EXERCISE PROMPT »
When you reach the line that contains "Vegan Garlic Mushrooms" below, transcribe it and each line after it word for word to the end of the records, omitting pictures.

(Stored entries)
= = =
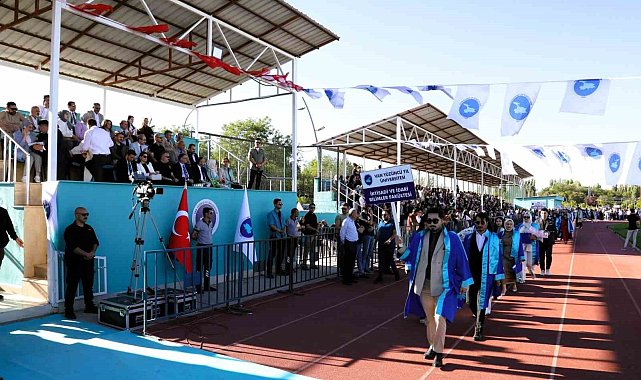 Van YYÜ'de mezuniyet coşkusu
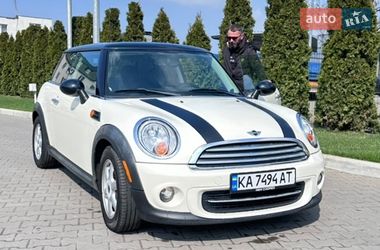 Хэтчбек MINI Cooper 2011 в Киеве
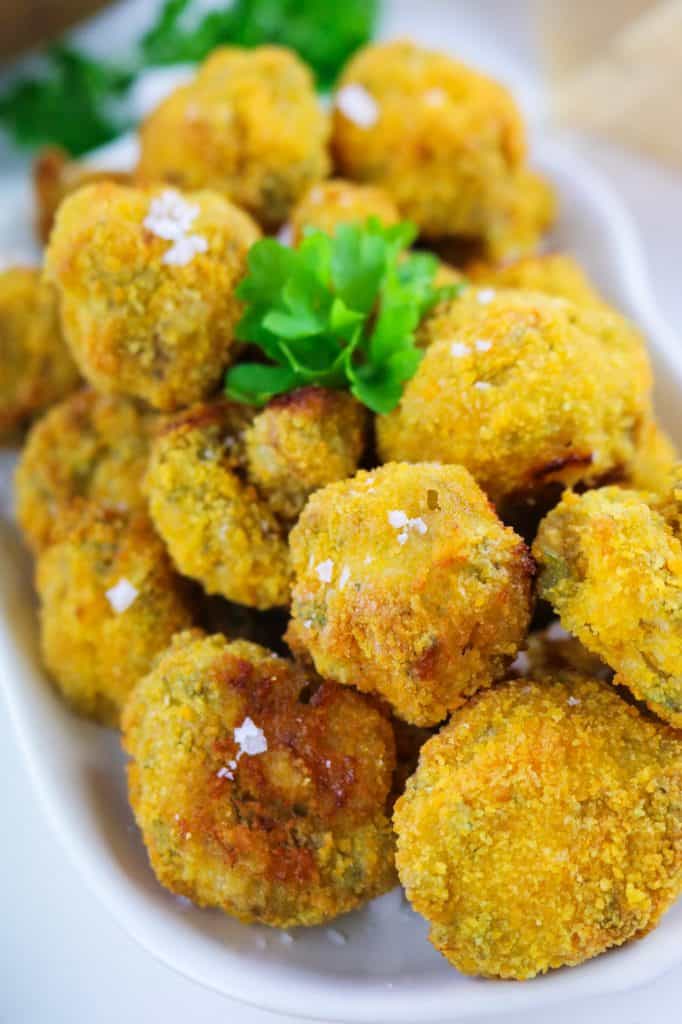 Vegan Garlic Mushrooms with Air Fryer front close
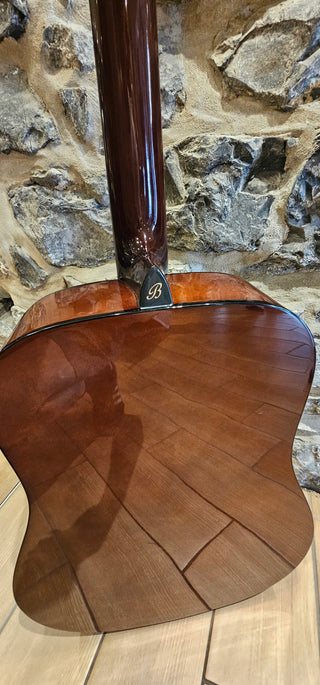 Pre-Owned Beaver Creek Acoustic Guitar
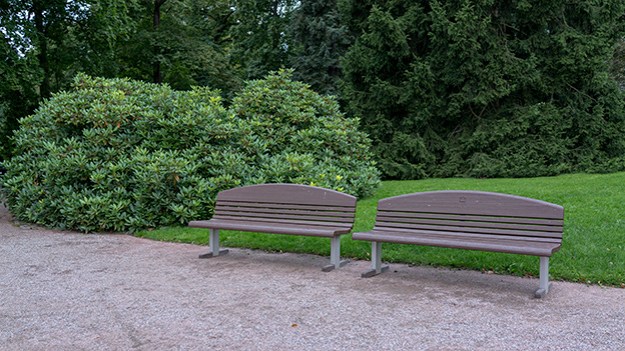 2016-08-21-two-benches-035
= = =
RESULT FOR THIS TASK »
 Vegan Garlic Mushrooms with Air Fryer front close
 Pre-Owned Beaver Creek Acoustic Guitar
 2016-08-21-two-benches-035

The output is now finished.